### Task goal
I'd ask you to write out the lines below exactly, with no images.
+ + + + +
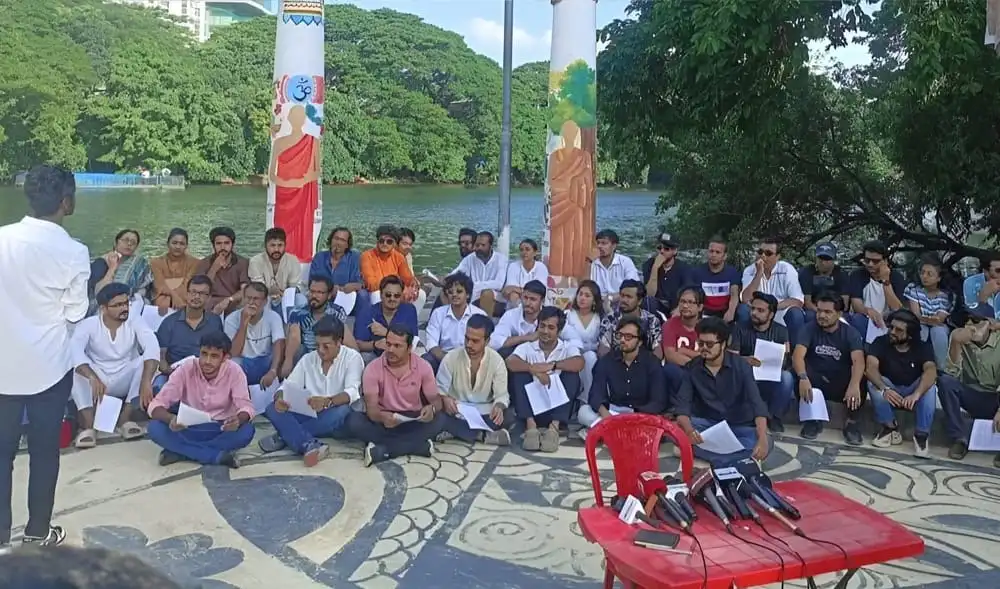 বহু মানুষ সমাবেশে অংশগ্রহণ করছে, বক্তা বক্তব্য দিচ্ছেন. Channel i News - চ্যানেল আই নিউজ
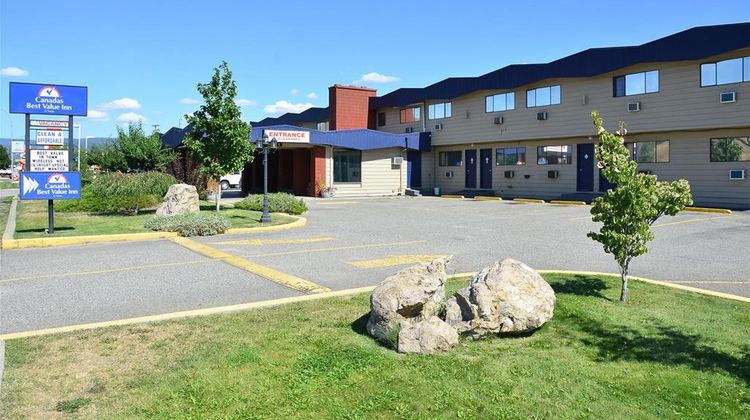 Canadas Best Value Inn Kelowna Exterior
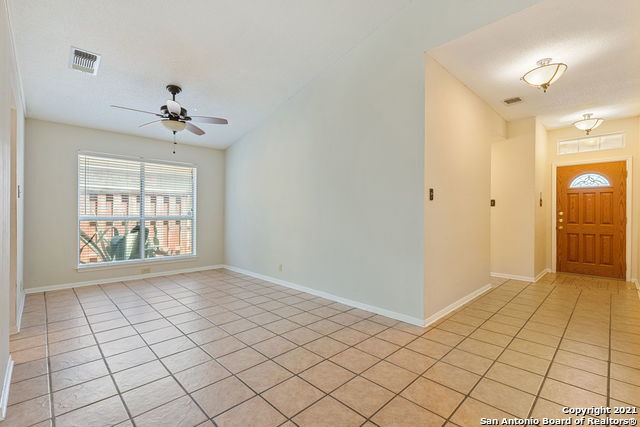 Foto del edificio - 8531 Quail Tree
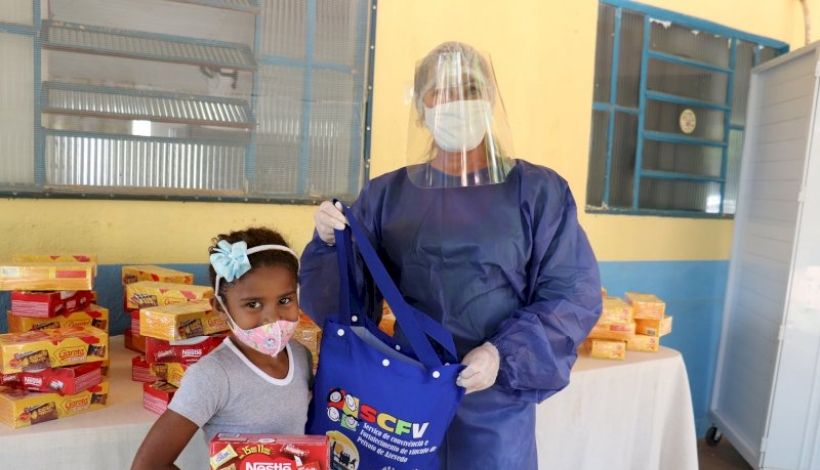 Secretaria faz entrega de chocolates e pães em Peixoto de Azevedo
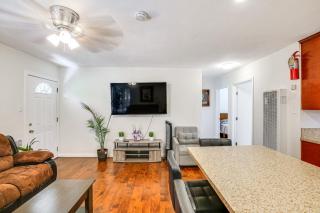 5 Mi to Coast Centrally Located Long Beach Home! - Long Beach - 3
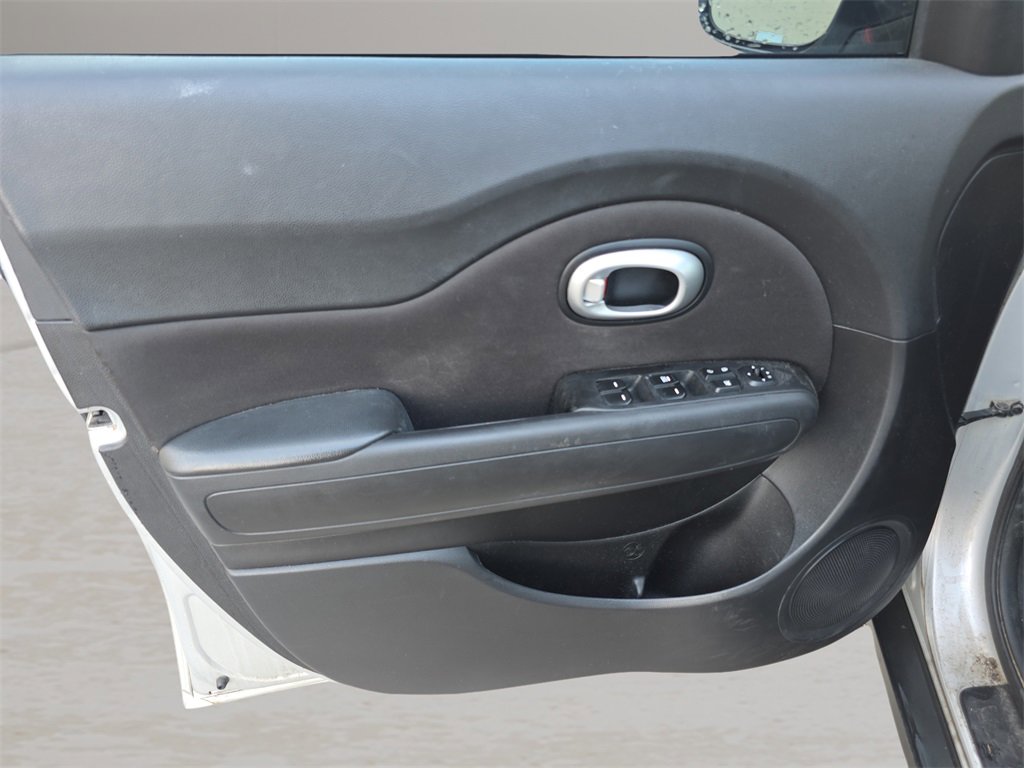 Used 2016 Kia Soul image 17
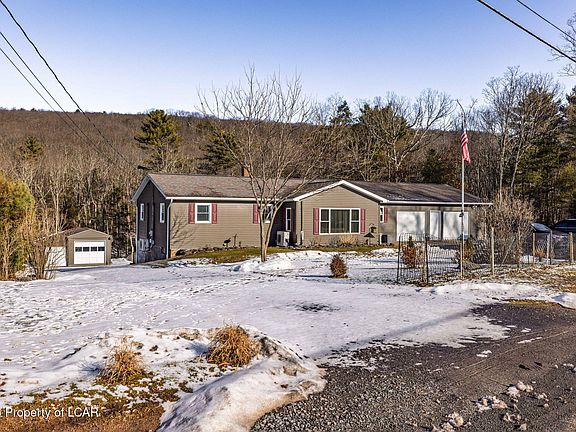 3rd image of 854 Lily Lake Rd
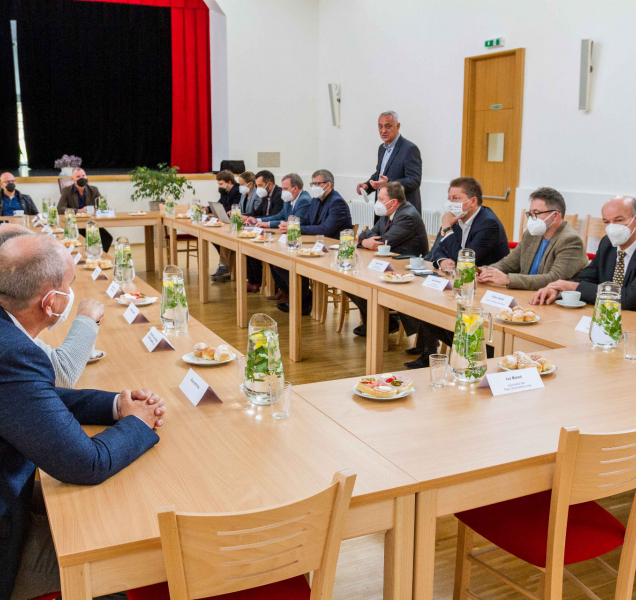 Radní se setkali se zástupci podnikatelů, obcí i neziskovek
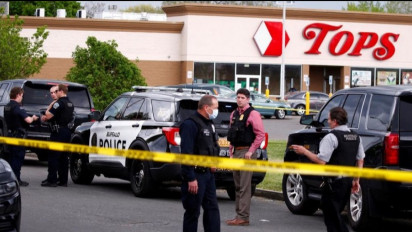 10 Orang Tewas dalam Penembakan Massal di AS, Pelakunya Masih 18 Tahun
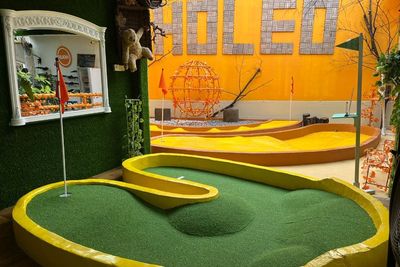 HOLEO Golf & Museum, Tempat Rekreasi Asik Melepas Penat dengan Bermain Mini Golf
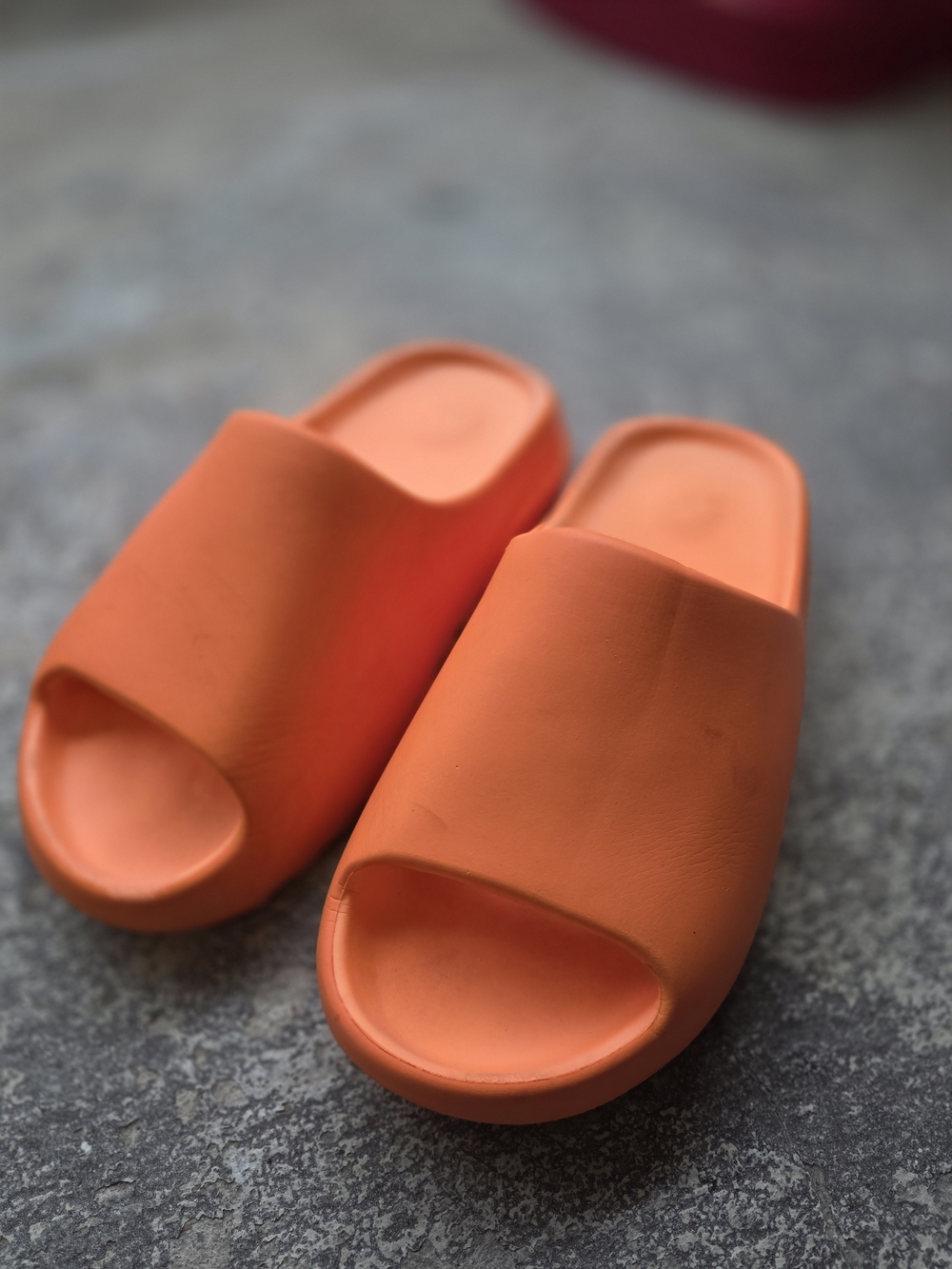 adidas Originals Orange Yeezy Slide Sandals - Picture 2 of 11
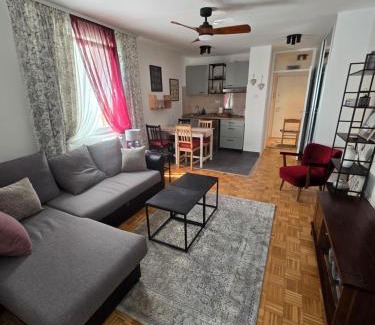 Zvezdara Apartment | Flower Home Belgrade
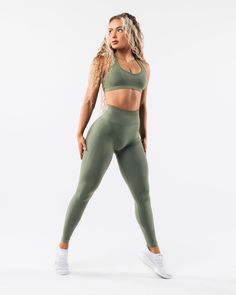 HIGHLIGHTS. High-waisted legging 3-tiered tapered waistband Seamless knit fabric No front seam Back scrunch seam detail to enhance curves New leg and glute contouring panels 26" inseam FIT SUGGESTION. This item runs true to Alphalete's standard seamless fit.. We recommend sizing up for a comfortable fit.. Bailey is 5’4”/162.5cm, wearing a size S with 39.5"/100.3cm hips and 26”/66cm waist. MATERIALS AND WASHING DIRECTIONS. 51% Polyamide, 38% Polyester, 11% Elastane. We recommend washing inside-ou High Waisted Leggings, Female Art, Knitted Fabric, Knit Fabric, Comfort Fit, High Waisted, Leggings, How To Wear, Fabric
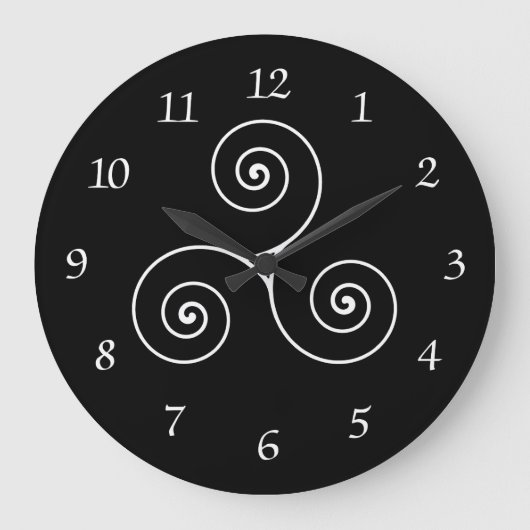 Triskele Symbol Grote Klok (Voorkant)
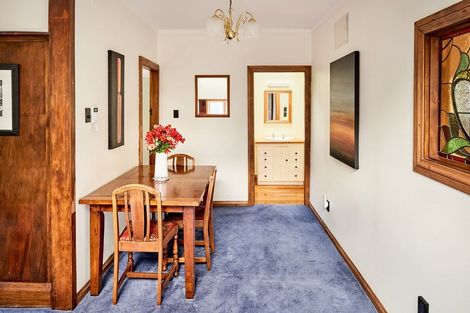 Photo of property in 25 Mahoe Street, Eastbourne, Lower Hutt, 5013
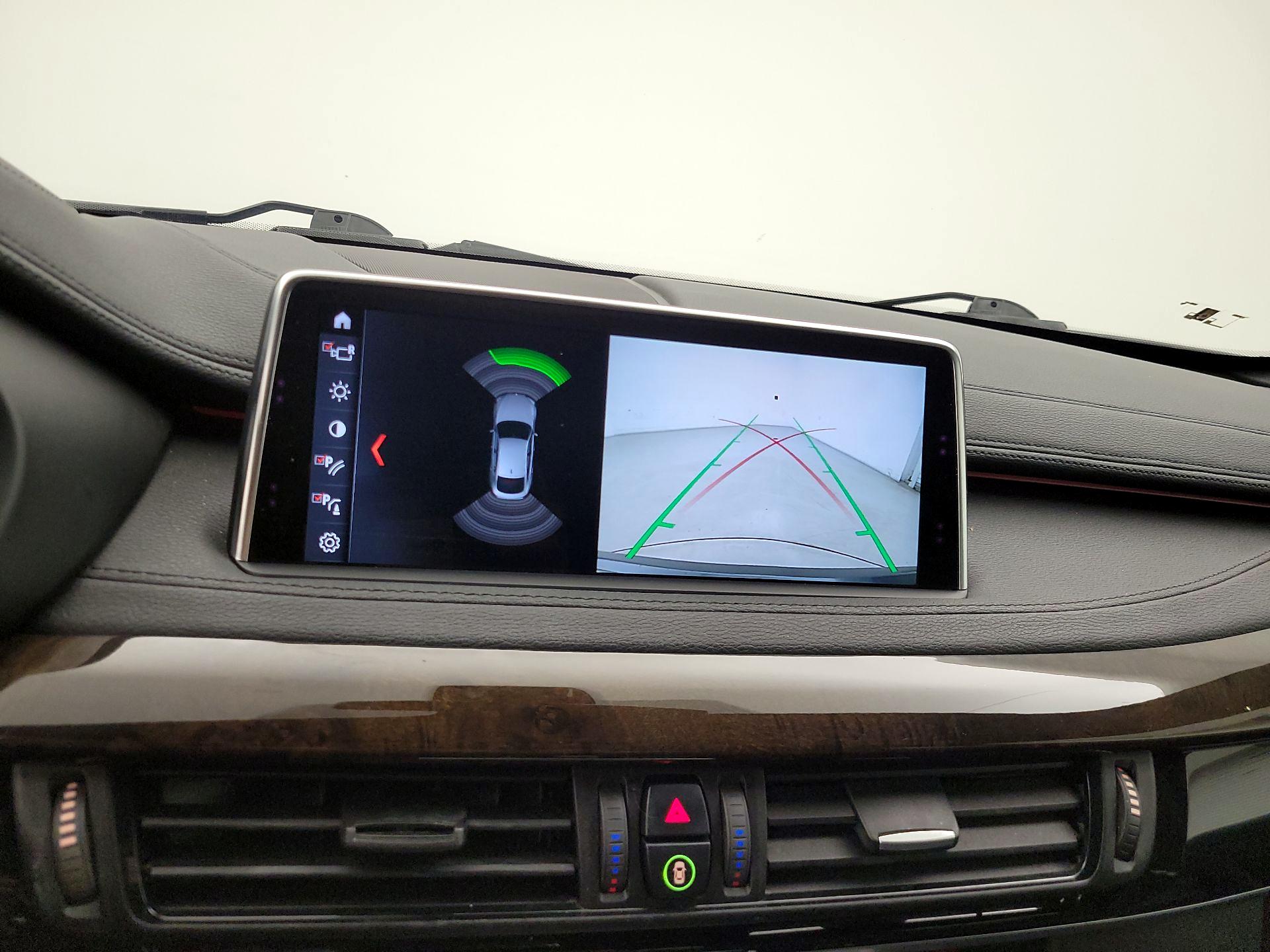 Thumbnail: 2018 BMW X6 - 15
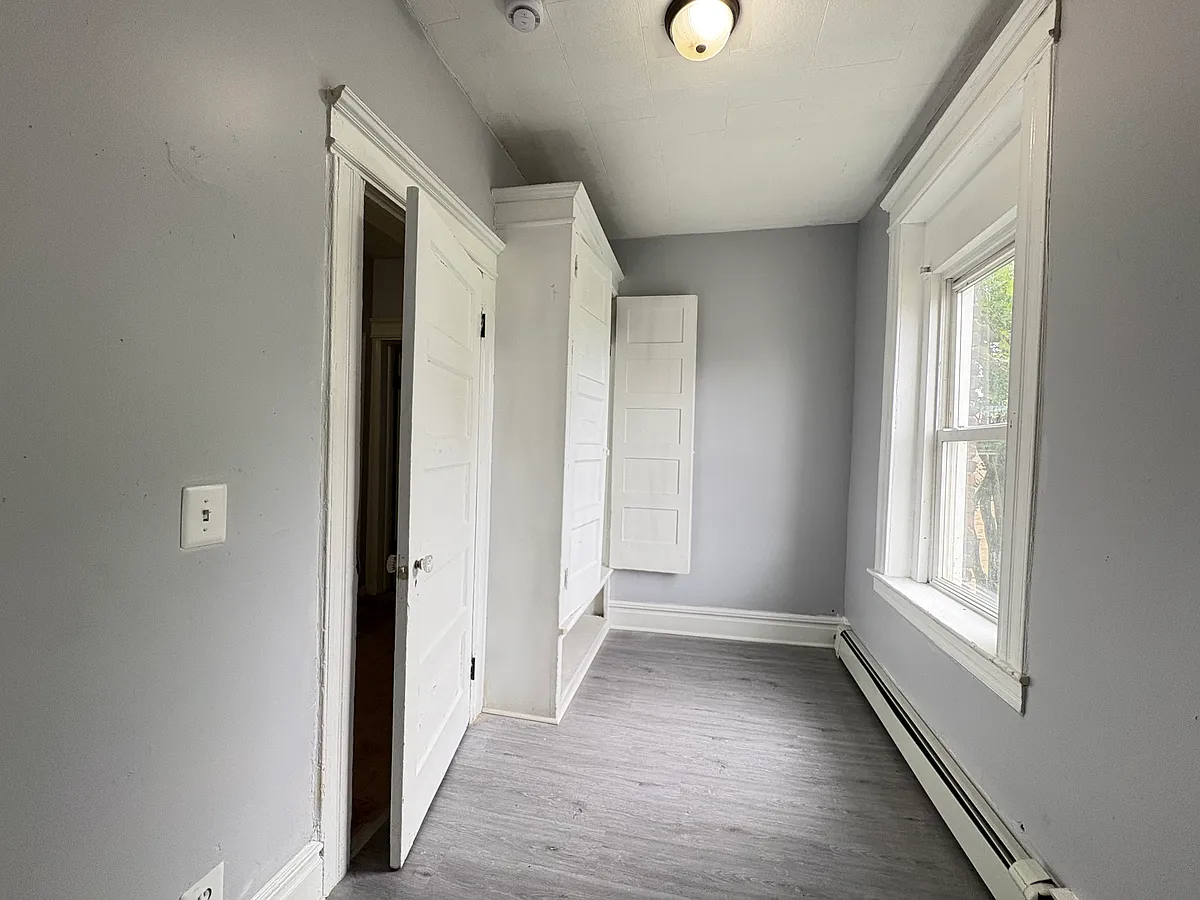Building Photo - 45 Jones St #5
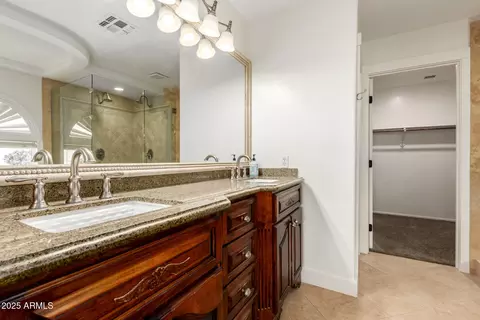 Bath - 3772 E Leah Ln, Gilbert, AZ 85234 photo 2 of 5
+ + + + +
### Answer to the exercise
 বহু মানুষ সমাবেশে অংশগ্রহণ করছে, বক্তা বক্তব্য দিচ্ছেন. Channel i News - চ্যানেল আই নিউজ
 Canadas Best Value Inn Kelowna Exterior
 Foto del edificio - 8531 Quail Tree
 Secretaria faz entrega de chocolates e pães em Peixoto de Azevedo
 5 Mi to Coast Centrally Located Long Beach Home! - Long Beach - 3
 Used 2016 Kia Soul image 17
 3rd image of 854 Lily Lake Rd
 Radní se setkali se zástupci podnikatelů, obcí i neziskovek
 10 Orang Tewas dalam Penembakan Massal di AS, Pelakunya Masih 18 Tahun
 HOLEO Golf & Museum, Tempat Rekreasi Asik Melepas Penat dengan Bermain Mini Golf
 adidas Originals Orange Yeezy Slide Sandals - Picture 2 of 11
 Zvezdara Apartment | Flower Home Belgrade
 HIGHLIGHTS. High-waisted legging 3-tiered tapered waistband Seamless knit fabric No front seam Back scrunch seam detail to enhance curves New leg and glute contouring panels 26" inseam FIT SUGGESTION. This item runs true to Alphalete's standard seamless fit.. We recommend sizing up for a comfortable fit.. Bailey is 5’4”/162.5cm, wearing a size S with 39.5"/100.3cm hips and 26”/66cm waist. MATERIALS AND WASHING DIRECTIONS. 51% Polyamide, 38% Polyester, 11% Elastane. We recommend washing inside-ou High Waisted Leggings, Female Art, Knitted Fabric, Knit Fabric, Comfort Fit, High Waisted, Leggings, How To Wear, Fabric
 Triskele Symbol Grote Klok (Voorkant)
 Photo of property in 25 Mahoe Street, Eastbourne, Lower Hutt, 5013
 Thumbnail: 2018 BMW X6 - 15
Building Photo - 45 Jones St #5
 Bath - 3772 E Leah Ln, Gilbert, AZ 85234 photo 2 of 5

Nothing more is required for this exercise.